24 de septiembre de 2016

Domingo XXVI del Tiempo Ordinario -Ciclo C-


           “Combate el buen combate de la fe. Conquista la vida eterna a la que fuiste llamado”. Lo que San Pablo propone a su discípulo Timoteo mantiene todo su valor para nosotros, cristianos del siglo XXI. La vida presente es una lucha, un combate orientado a la consecución de otra vida más allá de la muerte. La buena nueva que Jesús vino a predicar, y que confirmó con su muerte y su resurrección, es algo más que un manual de ética o un sistema filosófico. La novedad que Jesús ofrece es la vida eterna, es la seguridad de un más allá después del trauma de la muerte, que muchas personas que han marginado la fe, acaban por aceptar como algo ineludible e irreparable. Ante actitudes semejantes, los cristianos hemos de levantar la voz y confesar que Jesús, que dio testimonio ante Poncio Pilato con noble confesión, murió en la cruz y fue sepultado, venció a la muerte y reina glorioso con el Padre y el Espíritu Santo. Nuestra fe nos invita a trabajar seriamente el combate diario de la fe, que, supone practicar la justicia, la piedad, la fe, el amor, la paciencia, la delicadeza, sin olvidar la esperanza de lo que nos aguarda, la vida eterna que Jesús nos obtuvo.
            En esta perspectiva, el evangelio de Lucas ofrece hoy a nuestra consideración una parábola que Jesús contó a los fariseos, que pedían signos y portentos para creer en él y en su mensaje. Jesús describe, en dos momentos sucesivos, las peripecias de dos hombres, uno rico, que gozaba de abundantes bienes materiales, y otro pobre, que carecía de todo. Éste aparece bien individuado: se llama Lázaro, mientras que del primero se ignora el nombre. Sobreviene la muerte y cambia la situación de ambos: el pobre es conducido al seno de Abrahán, expresión judía que indica el estado de los muertos junto a Dios, antes de la explícita fe en la resurrección, mientras que el rico aparece en el infierno en una situación de angustia y sufrimiento. Extrañamente la parábola no presenta ninguna motivación ética en la suerte de los dos personajes. Acerca del primero sólo se dice que era rico y disfrutaba de los beneficios de la riqueza. Ninguna alusión a un posible origen injusto de sus bienes o a un abuso de los mismos. Del segundo se dice únicamente que era pobre, que deseaba saciarse de lo que sobraba al rico, pero que nadie se lo daba. Cabe preguntarse ¿qué quiere decirnos exactamente Jesús este apólogo?

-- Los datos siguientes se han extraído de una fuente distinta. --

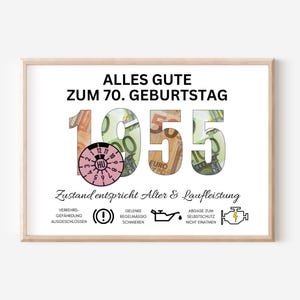 Geldgeschenk 70. Geburtstag 1955  Geburtstagsgeschenk Papa Mann Freund Geschenk lustig Idee PDF sofort Download zum selber ausdrucken DIY
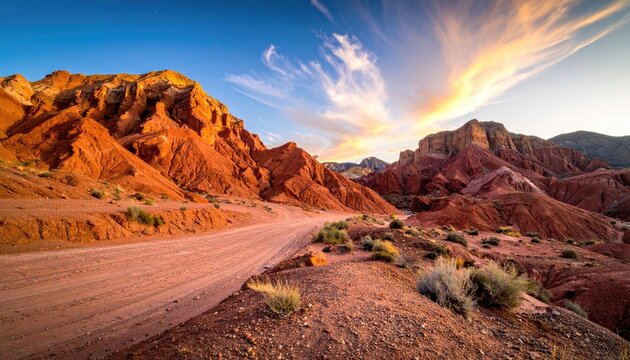 Scenic Desert Landscape with Red Rock Formations against a Dramatic Sky at Golden Hour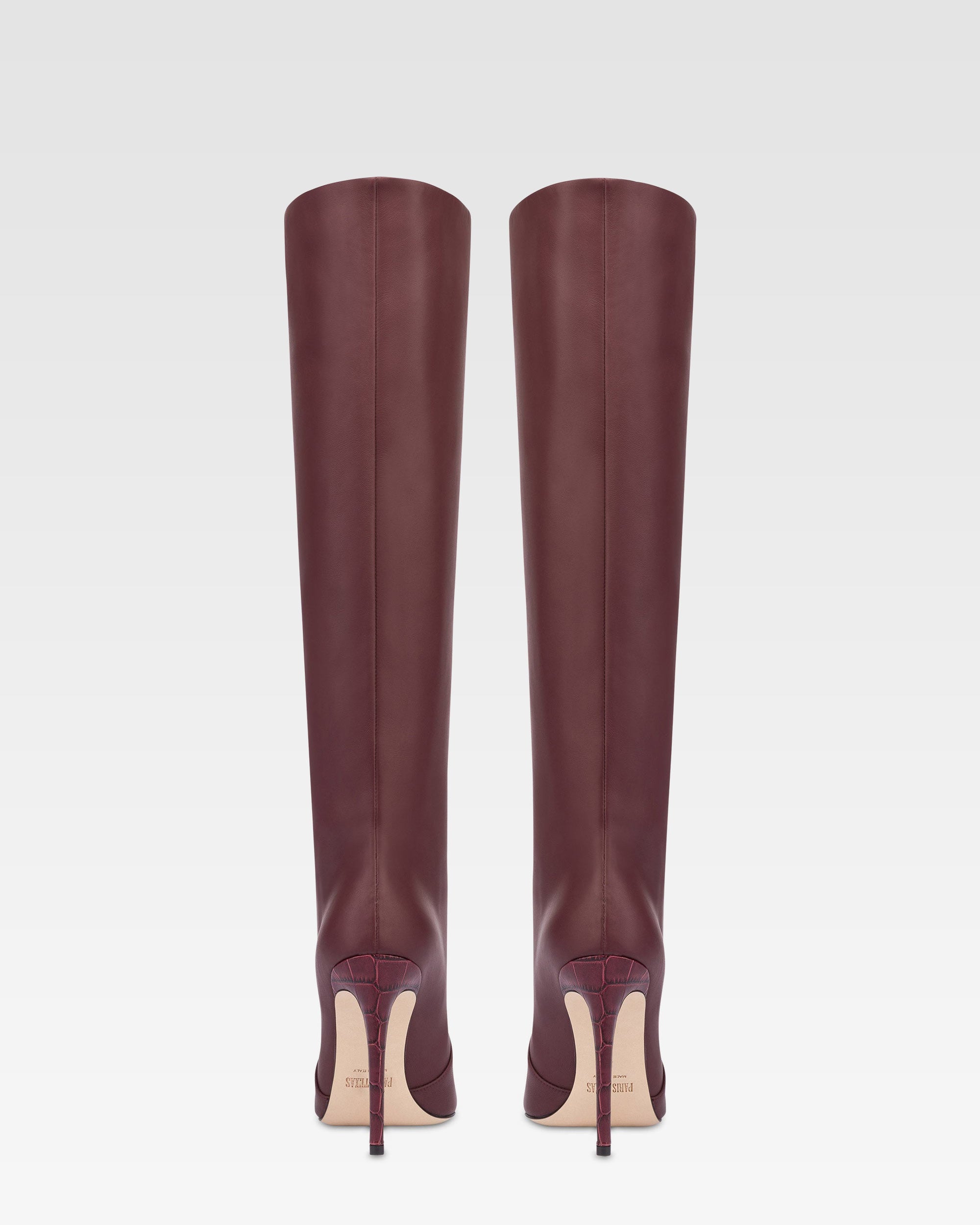 Stivali a punta in morbida pelle bordeaux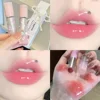 Floral Mirror Glass Solid Lip Gloss Water Light Round Tube Lipstick Clear Oil Jelly Lip Glaze Natural Nude Moisturizing Lip Tint 3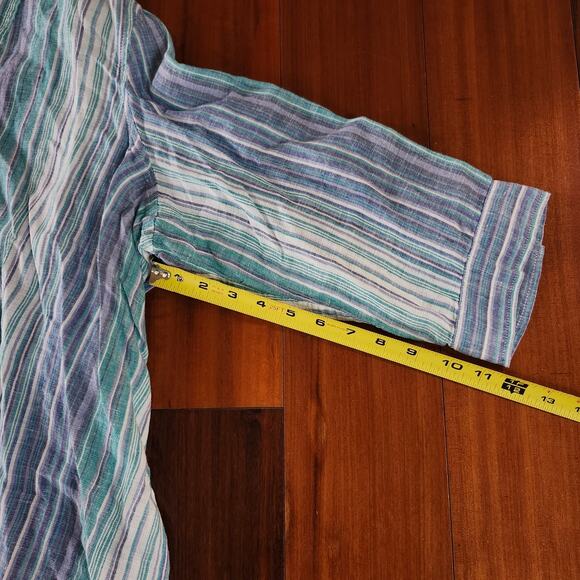 Coldwater Creek blue white purple striped 100% linen button up Top sz 2X 20-22 - Picture 5 of 7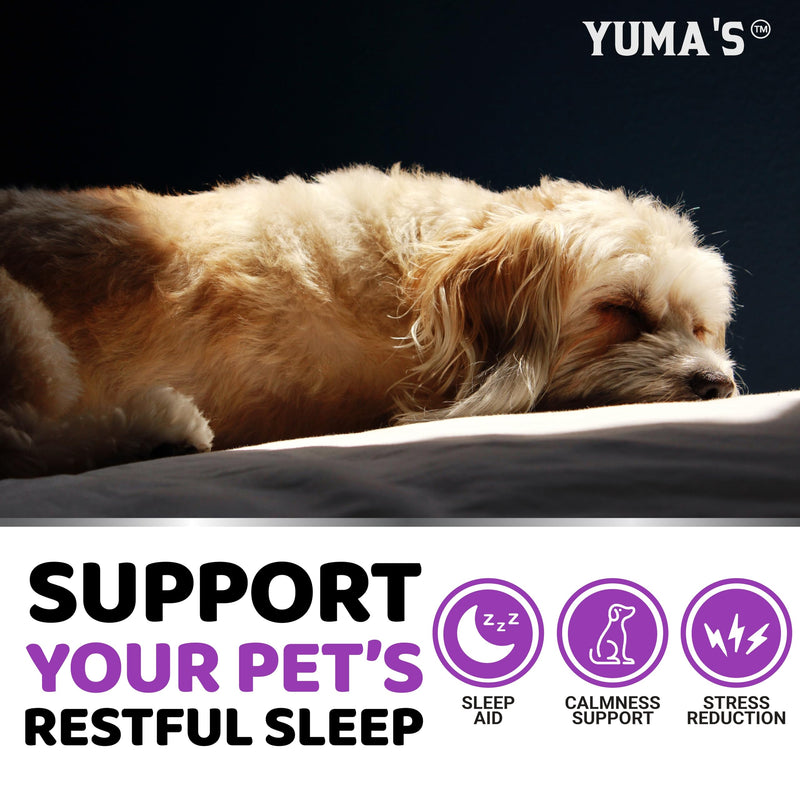 YUMA'S Melatonin for Dogs - 170 Dog Melatonin Chews for Small and Large Dogs - Puppy Melatonin - Dog Sleep Aid - Calming Treats for Stress Anxiety Relief - Calming Chews for Dogs - Dog Sleeping Pills 170 Treats Melatonin Calming Chews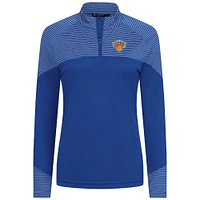 Women's Levelwear Royal New York Knicks Classic Stripes Quarter-Zip Top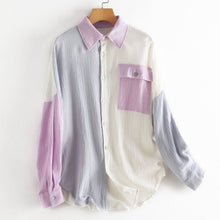 Load image into Gallery viewer, Women&#39;s Color Block Long Sleeve Button Down Boyfriend Shirt Blouses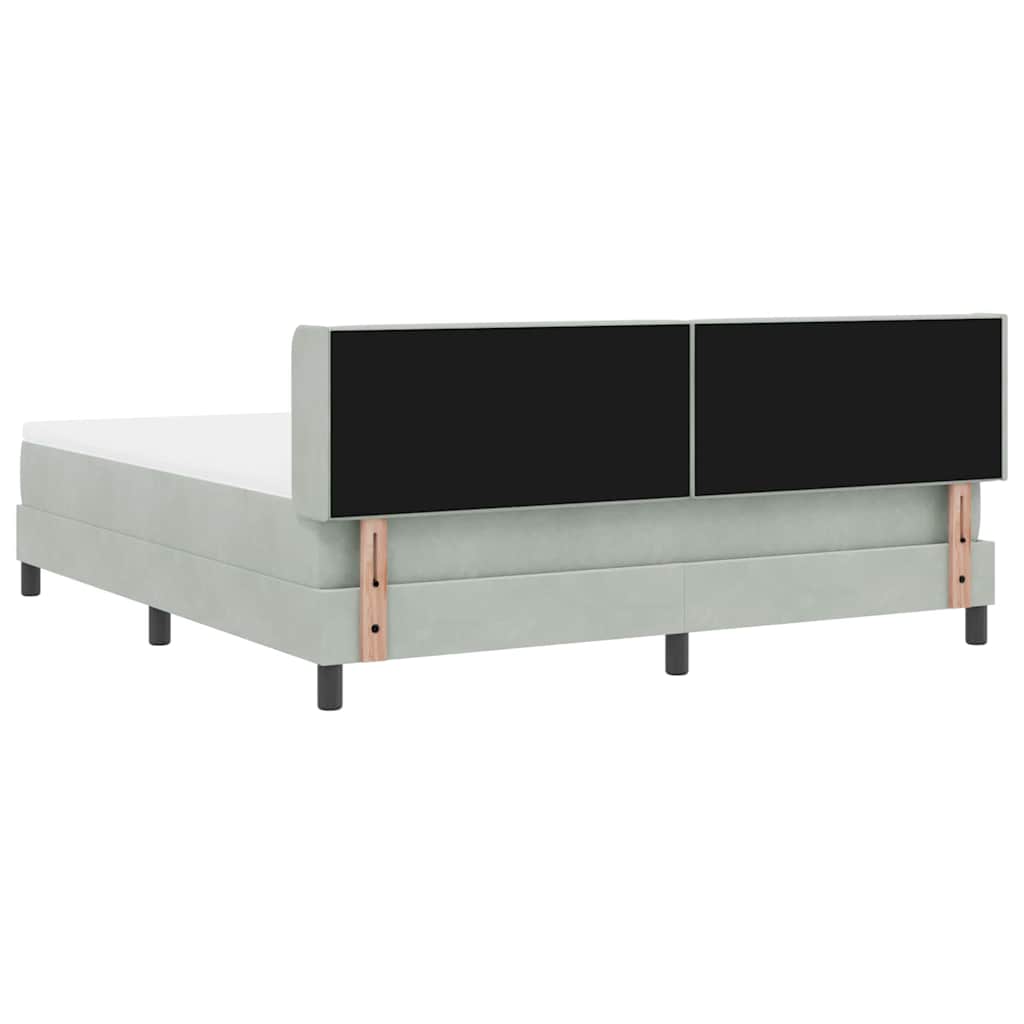 Box spring seng med hovedgærde Lysegrå 200 x 180 cm Fløjl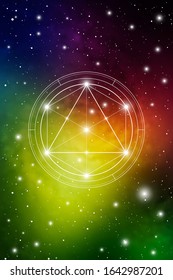 Philosopher stone sacred geometry spiritual new age futuristic illustration with transmutation interlocking circles, triangles and glowing particles in front of cosmic background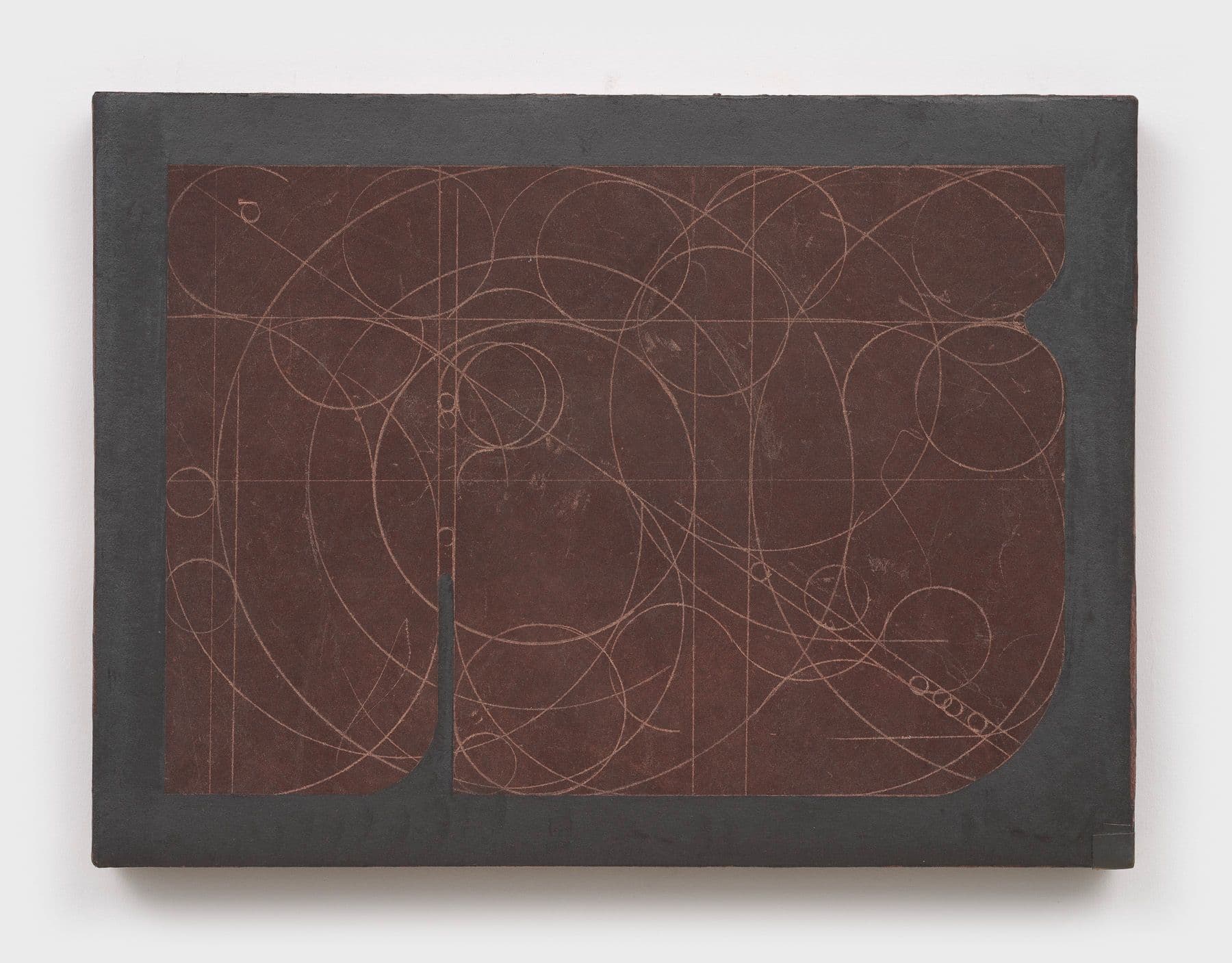 Kai Jenrette. <i>No title</i>, 2024. Graphite and tape on waxed construction paper over panel. 9 x 12 inches.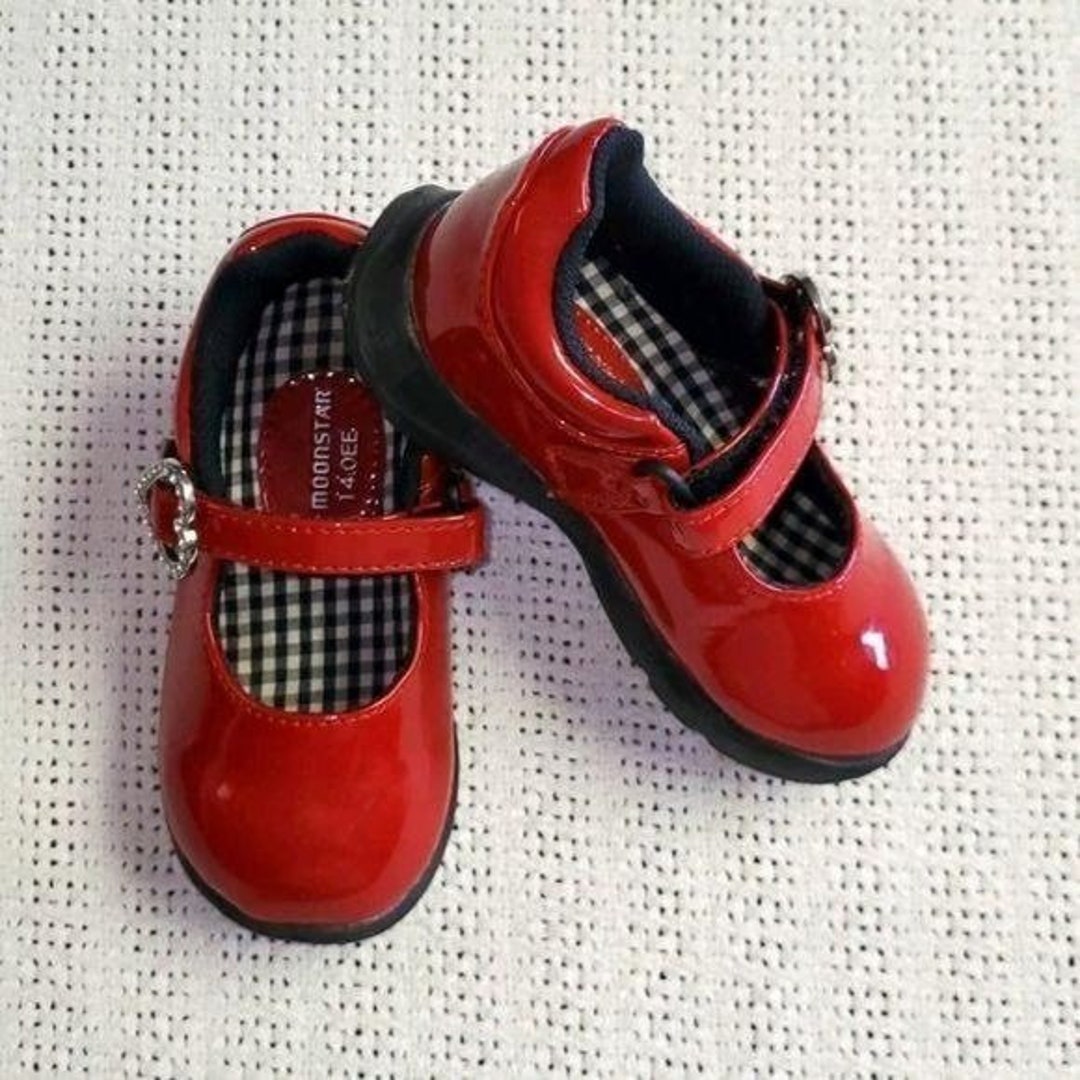 Moonstar Anpanman Flexjoint Sz 14 Red Patent Leather Velcro Mary Jane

            No se puede atribuir al rico las características de un hombre alejado de Dios, egoísta y libertino, entregado a placeres materiales, cuando el evangelio sólo dice que banqueteaba espléndidamente. Tampoco es justo ver en el pobre a hombre piadoso, que sabe asumir las contrariedades de la vida, cuando lo único que Jesús afirma de él es que era mendigo, cubierto de llagas y recostado a la puerta del rico, deseando sus sobras. Hay que descartar también la posibilidad de ver en esta página una caricatura arbitraria de un Dios, que, sin razones válidas, puede conceder a los hombres bienes o males, en esta vida o en la otra.

            El mensaje de esta parábola es la urgencia de la conversión: todos los humanos, ricos o pobres, en el momento menos pensado deberán enfrentarse con la muerte, en la cual la verdad se impondrá y de manera definitiva, sin posibilidad de cambios. Jesús recuerda que es necesario estar atentos, pensando en el después, insinuando al mismo tiempo el peligro que supone un uso incontrolado de los bienes materiales, que puede endurecernos e impedir ver las necesidades, a veces urgentes, del prójimo que se encuentra junto a nosotros y al que ignoramos.

            La parábola contiene un segundo mensaje. Cuando el rico se convence de la nueva situación en que se encuentra, piensa en los suyos, es decir en aquellos que viven como él ha vivido, y pide que los visite Lázaro para que cambien de vida. Jesús tajante cuando afirma que si no escuchan a Moisés y a los profetas, no harán caso ni aunque resucite un muerto. Si queremos tener parte en la vida que nos ofrece más allá de la muerte, además de la vigilancia, se impone la aceptación de la Palabra de Dios tal como se nos ha comunicado. No cabe esperar nuevos signos, milagros o revelaciones. Lo importante es la lucha de cada día con los ojos fijos en la nueva vida que nos espera después de la muerte.